Give all the lines below again, exactly, with no pictures.

SOURCE MATERIAL:
══════════════════════════════
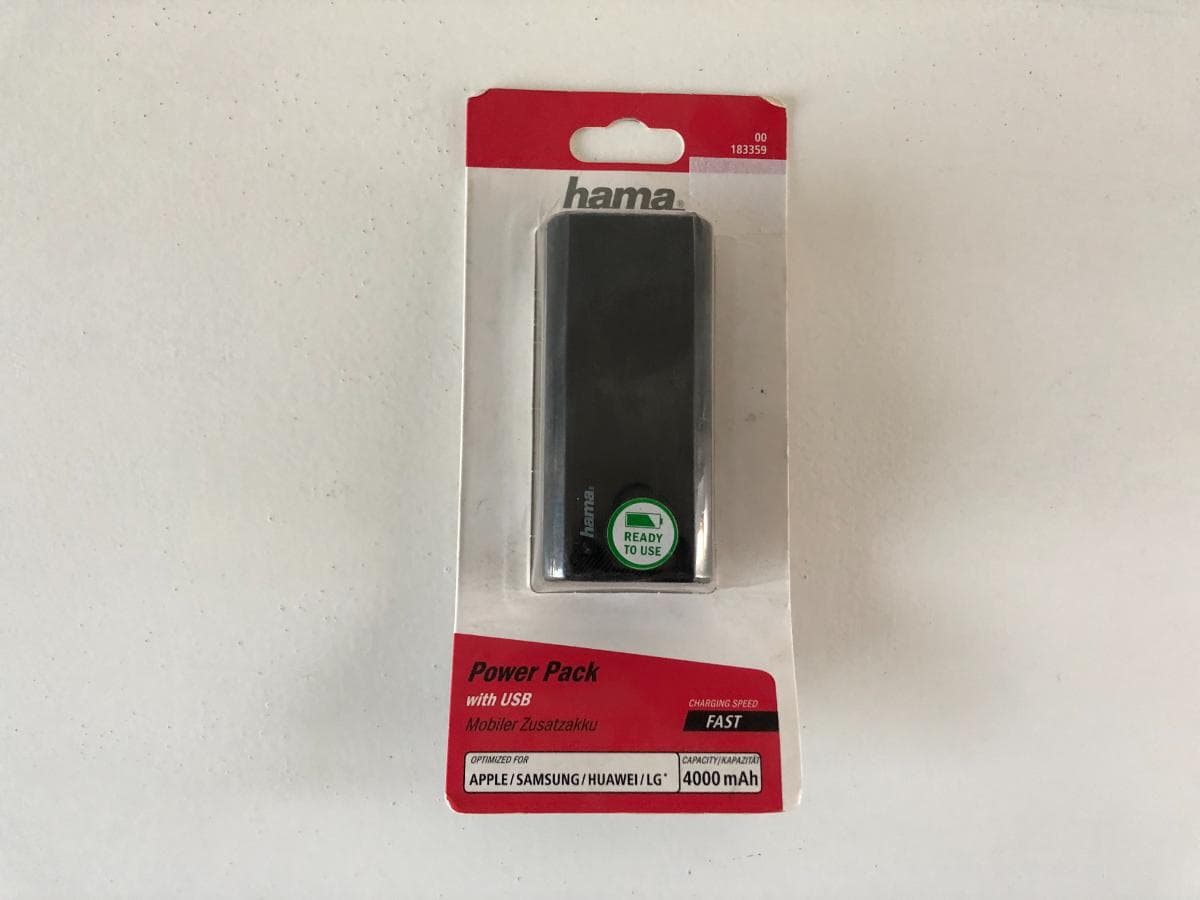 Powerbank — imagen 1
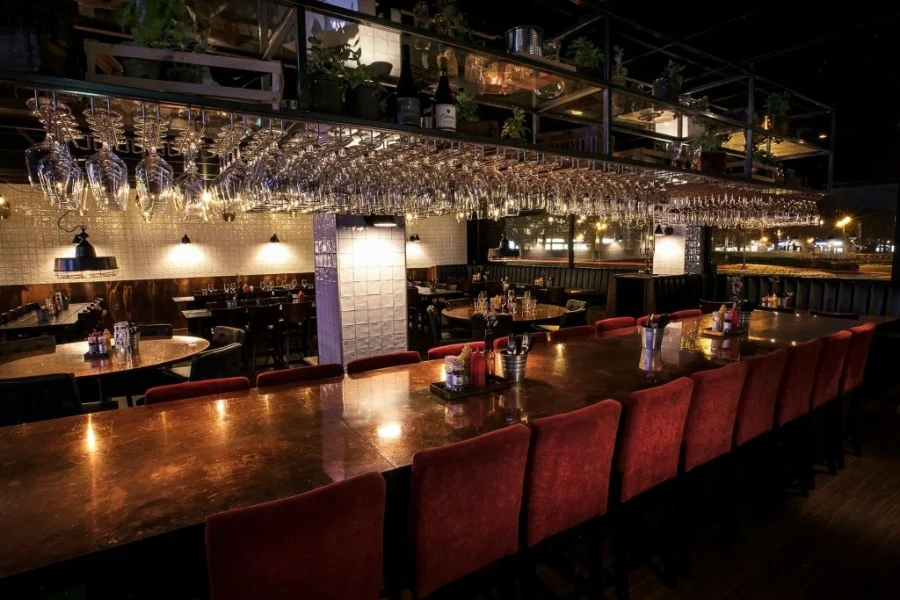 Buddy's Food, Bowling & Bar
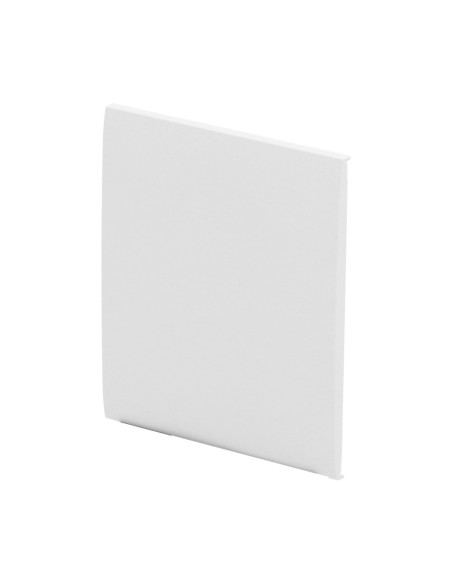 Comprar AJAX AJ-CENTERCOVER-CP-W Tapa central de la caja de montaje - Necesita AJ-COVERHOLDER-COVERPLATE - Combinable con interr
══════════════════════════════
REPLY TO THE EXERCISE:
 Powerbank — imagen 1
 Buddy's Food, Bowling & Bar
 Comprar AJAX AJ-CENTERCOVER-CP-W Tapa central de la caja de montaje - Necesita AJ-COVERHOLDER-COVERPLATE - Combinable con interr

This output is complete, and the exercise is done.